___ GIVEN INFORMATION ___

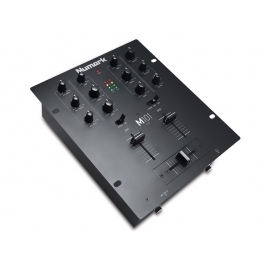 Mesa de mezclas DJ M101 USB BLACK NUMARK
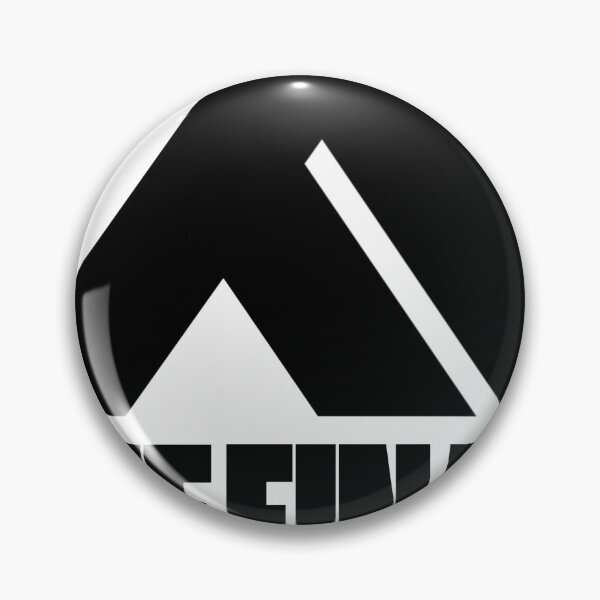 Item preview, The Finals game Logo - black design fan art for gamers designed and sold by TingsandStuff.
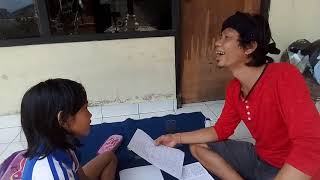 Download lagu Kalego menjawab soal dengan lucu habis tapi sangat masuk akal. mp3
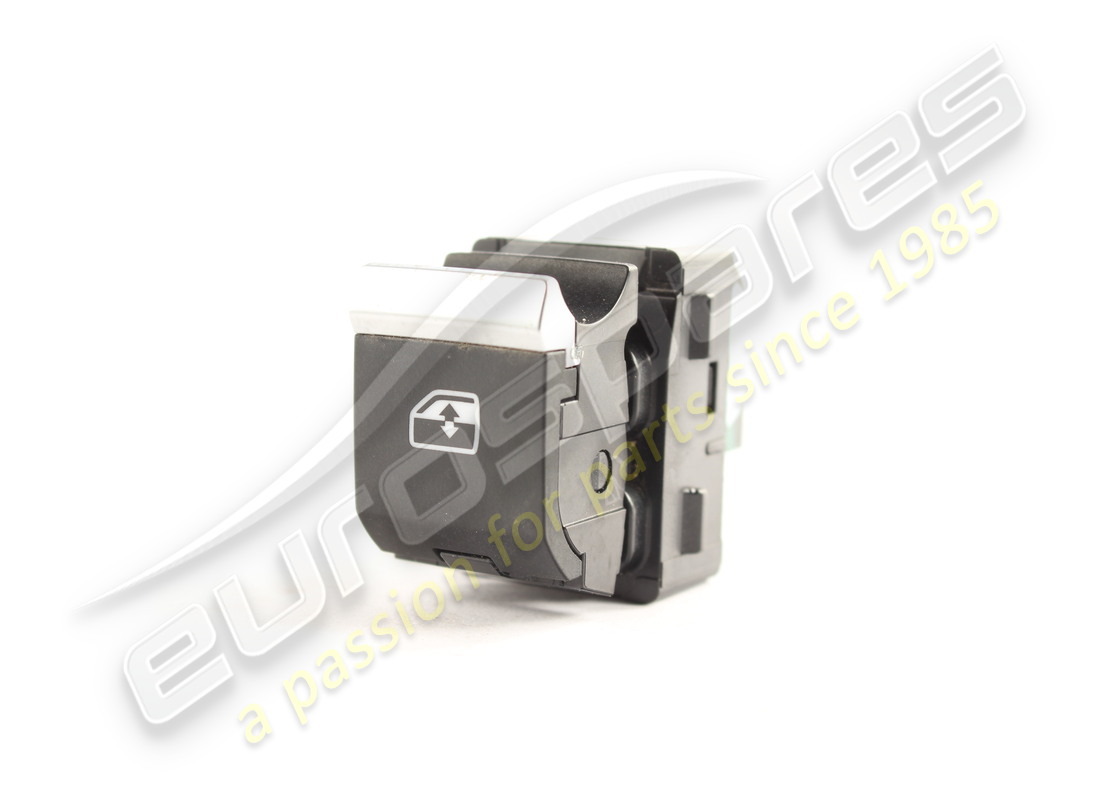 VERWENDETER Lamborghini-SCHALTER. TEILENUMMER 4M0959855 (1)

___

=== WHAT YOU ARE ASKED TO DO ===
Write out the whole listing again, exactly, with no pictures.

=== EXERCISE SOLUTION ===
 Mesa de mezclas DJ M101 USB BLACK NUMARK
 Item preview, The Finals game Logo - black design fan art for gamers designed and sold by TingsandStuff.
 Download lagu Kalego menjawab soal dengan lucu habis tapi sangat masuk akal. mp3
 VERWENDETER Lamborghini-SCHALTER. TEILENUMMER 4M0959855 (1)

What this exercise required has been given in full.